Ein paar hundert Meter vom Hauptbahnhof entfernt ist das Theater. Eine güldene Göttin der
Wahrheit beschirmt das kaiserzeitliche Schauspielhaus. Neben dem Theater befindet sich ein Park namens Küchengarten, selbstverständlich mit Goethe-Ginkgo, und an ihn schließt sich westlich die ehemalige Orangerie an, die heute ein Kunstmuseum ist. Gera eignet sich
auch für einen Kurzurlaub mit Theaterbesuch. (Werbung in diesem Beitrag ist unbezahlt.)
Aus Gera stammte Otto Dix. Sein Geburtshaus hinter der Kirche im vornehmen Stadtteil Untermhaus unweit des Küchengartens beherbergt heute ein Otto-Dix-Museum, das aber gerade wegen der Vorbereitung einer neuen Ausstellung geschlossen war.
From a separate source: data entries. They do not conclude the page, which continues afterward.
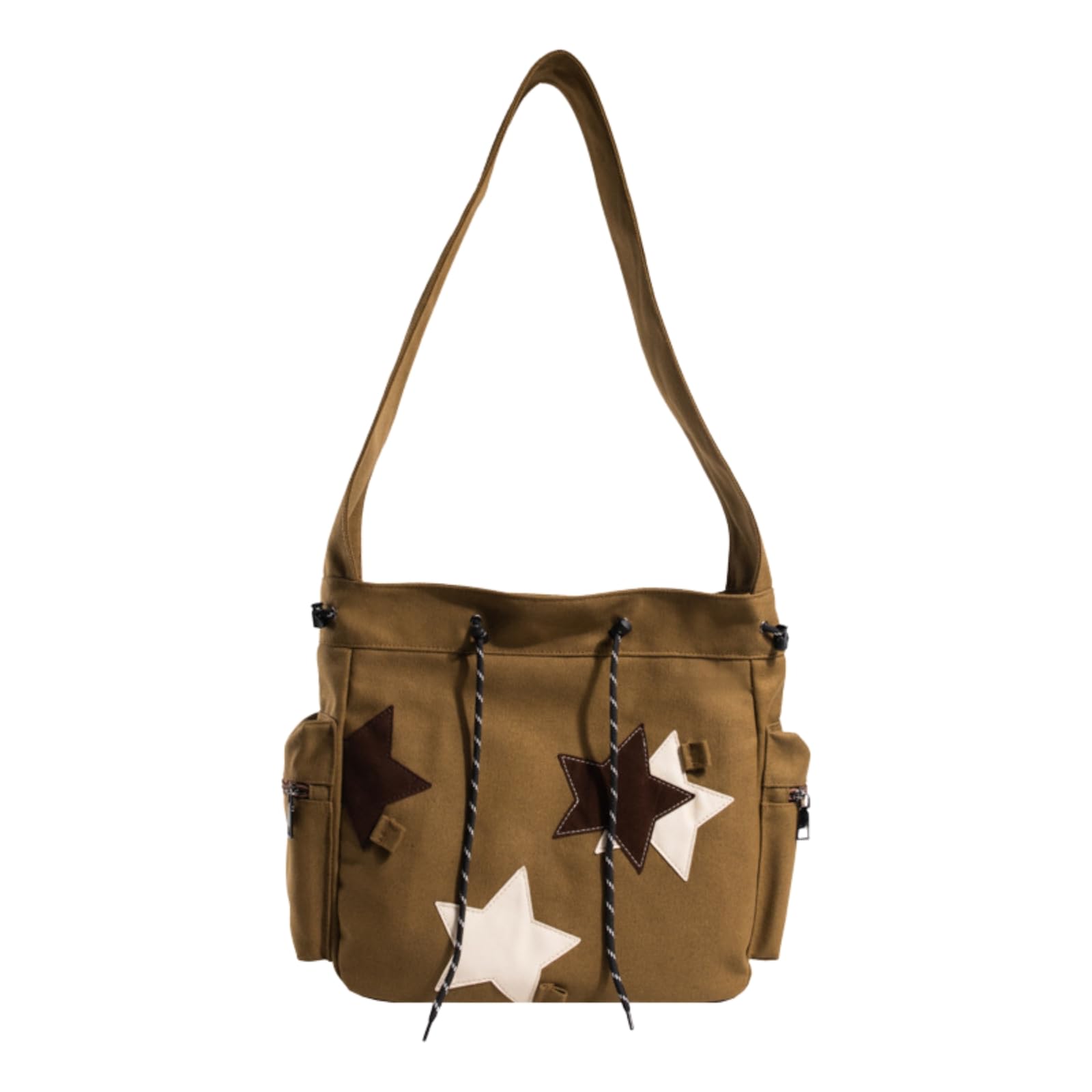 Y2K Star Canvas Messenger Bag, Cute Tote Bags Aesthetic, Small Shoulder Travel Crossbody Bags For Women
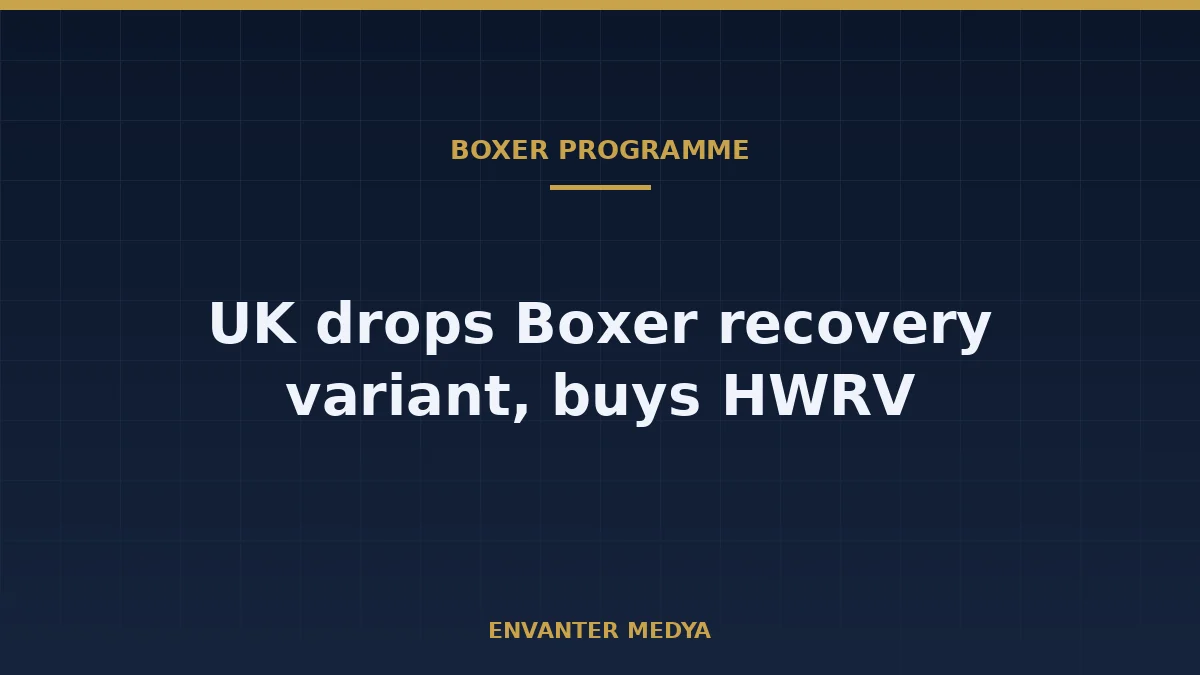 UK Drops Boxer Repair and Recovery Variant, Plans Heavy Wheeled Recovery Vehicle Instead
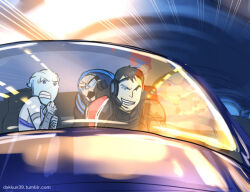 asari commander_shepard commander_shepard_(male) dakkun39 driving garrus_vakarian liara_t&#039;soni mass_effect_(series) mass_effect_2 motion_lines speed_lines tumblr tumblr_username turian
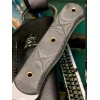 Нож TOPS TPDFLY45 D Fly 4.5, Black Canvas Micarta Handle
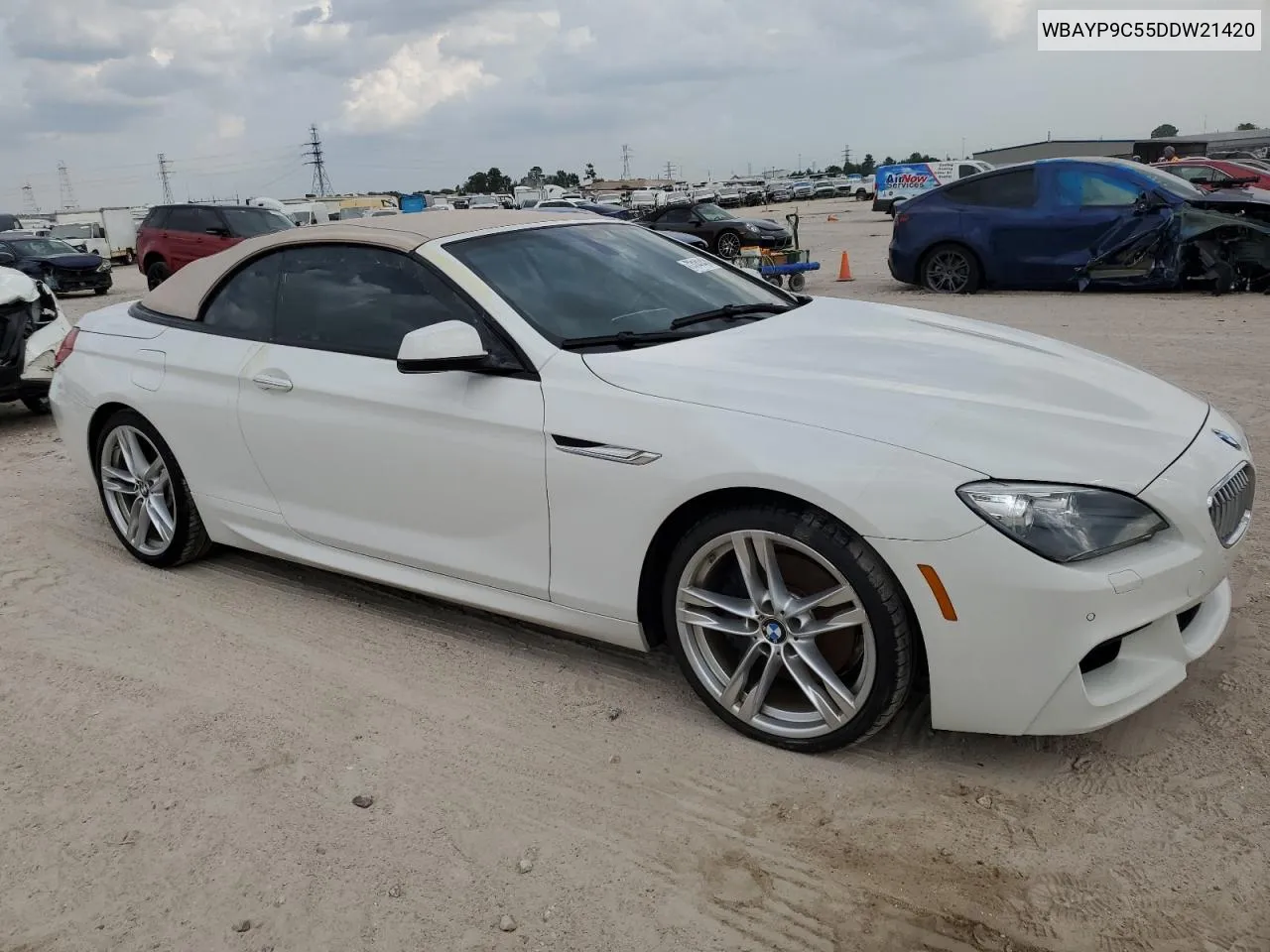 2013 BMW 650 I VIN: WBAYP9C55DDW21420 Lot: 73141424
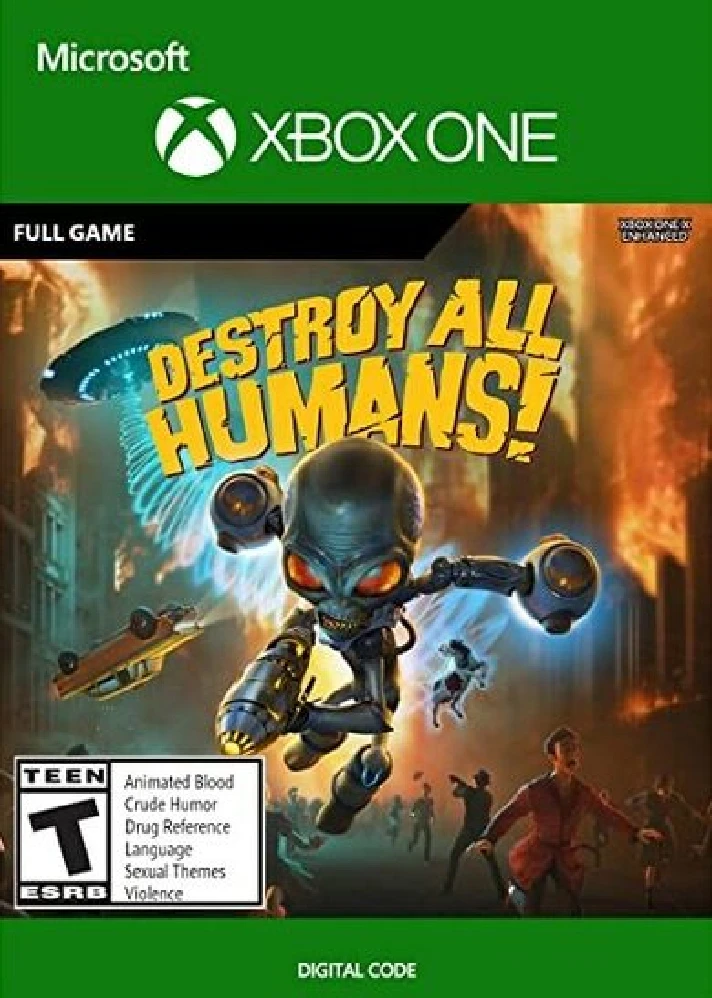 🎮🔥Destroy All Humans! XBOX ONE / SERIES X|S 🔑Key🔥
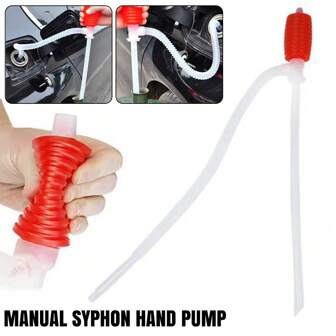 3pc Manual Syphon Hand Pump Siphon Liquid Transfer Fuel  Petrol & Water
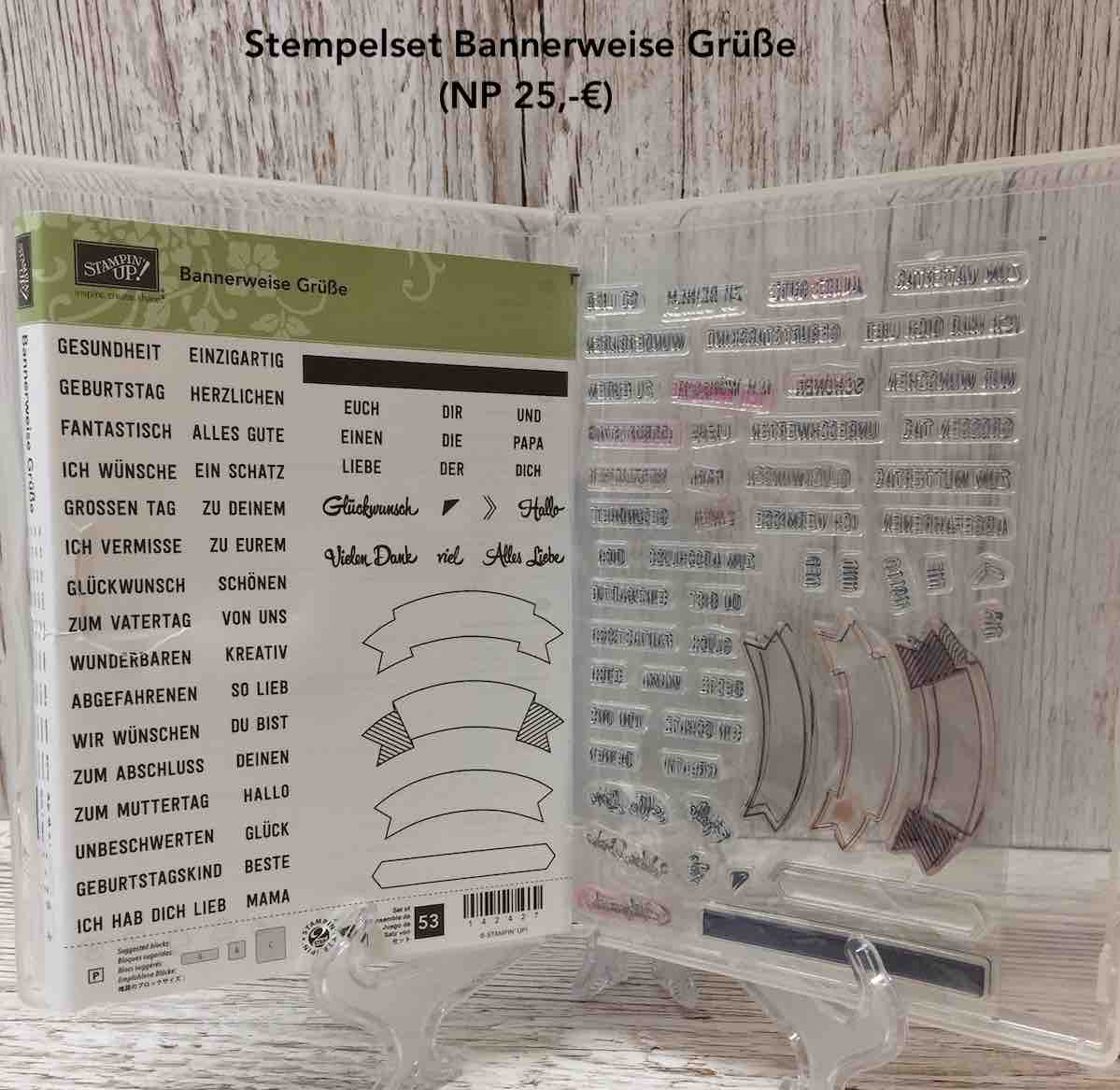 Stempelset Bannerweise Grüße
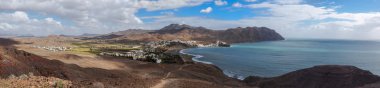 Köy Las Playitas Fuerteventura, Kanarya Adaları, Panorama görünümünü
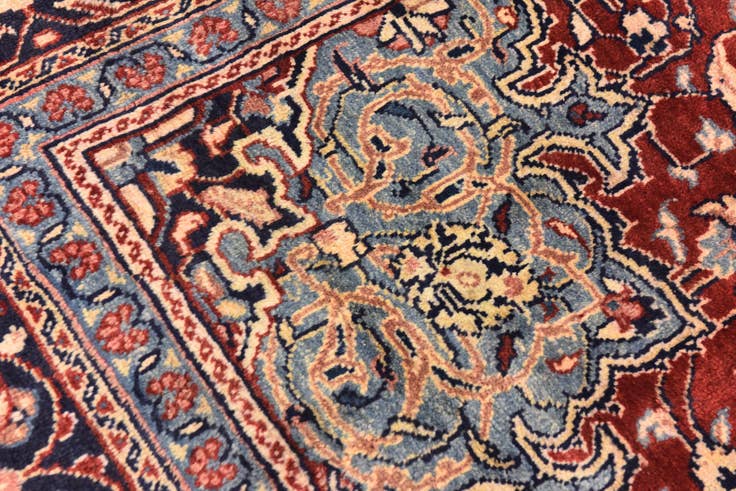 Detail image of 10' x 12' 10 Hand Knotted Sarough Persian Wool Rug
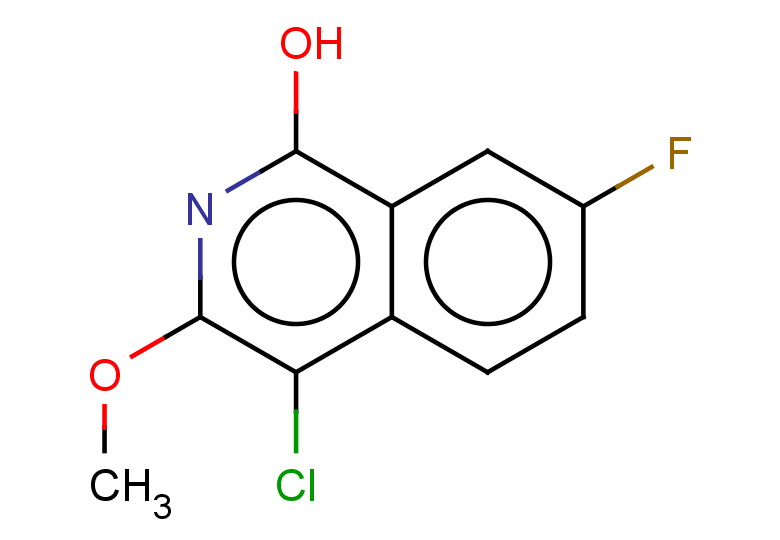 4-chloro-7-fluoro-3-methoxyisoquinolin-1-ol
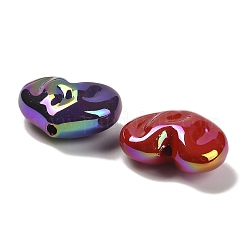 UV Plating Opaque Rainbow Iridescent Acrylic Beads&nbsp;SACR-R001-01A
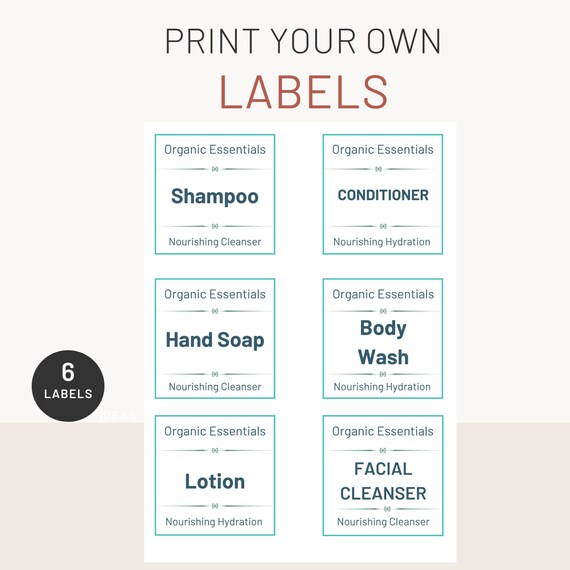 Printable Bath Product Labels Etsy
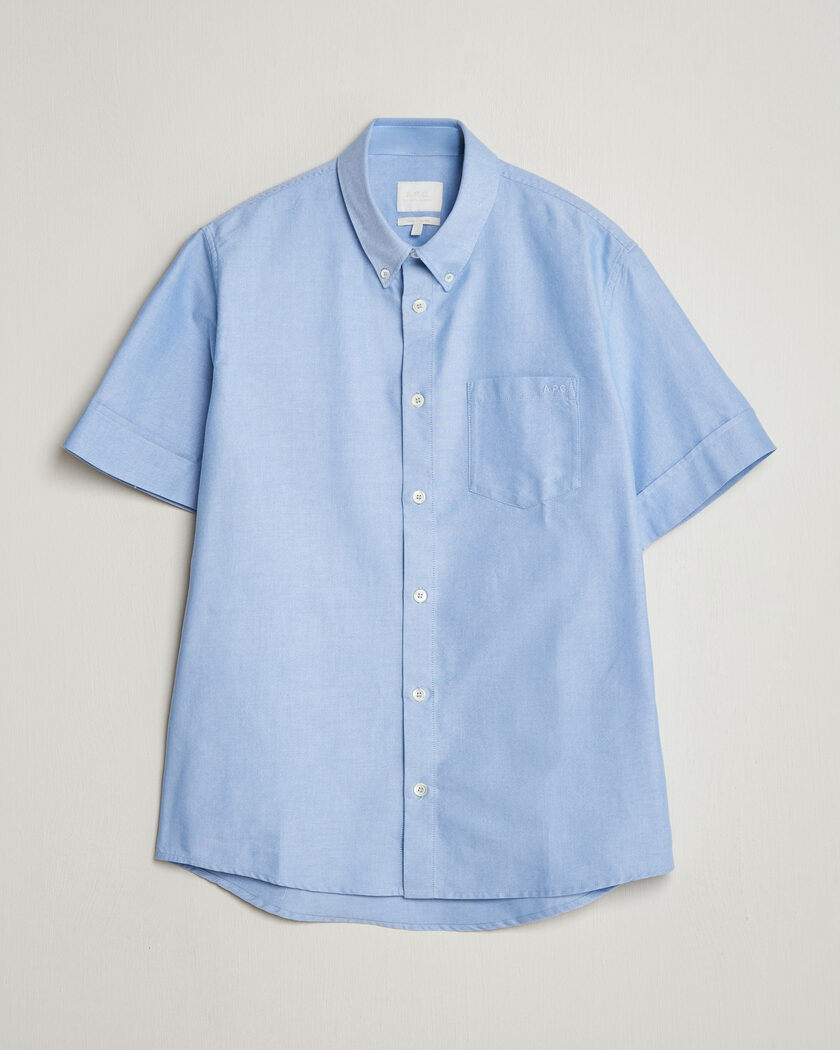 A.P.C. Jack Short Sleeve Shirt Light Blue – Azul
Der Fluss ist die Weiße Elster.
Städtebaulich hatte Gera in den letzten Jahrhunderten beträchtlich zu struggeln, wie die Internetjugend sagt: Stadtbrände, Industrialisierung, Kriegsschäden, Deindustrialisierung. Das merkt man, wenn man vom Theater zum Markt läuft: Zweckbauten, Parkplätze, Unterführungen, Fernwärmeleitungen säumen und kreuzen den Weg. Dass Gera im 19. Jh. eine der reichsten deutschen Städte war, lässt sich nur hier und da erahnen.
Freunde des Bauhauses und seiner Plattenbau-Nachfolger werden in Gera jauchzen. So stehen in Gera einige Bauten von Thilo Schoder, und eine der DDR-Glasfassaden ist ähnlich bronzefarben verspiegelt wie jene des mittlerweile zerstörten Berliner Palastes der Republik. Gera soll sogar die Stadt mit den meisten Baudenkmälern des Bauhauses und des Modernen Bauens in Thüringen sein. Davon kann man sich bei Stadtführungen überzeugen.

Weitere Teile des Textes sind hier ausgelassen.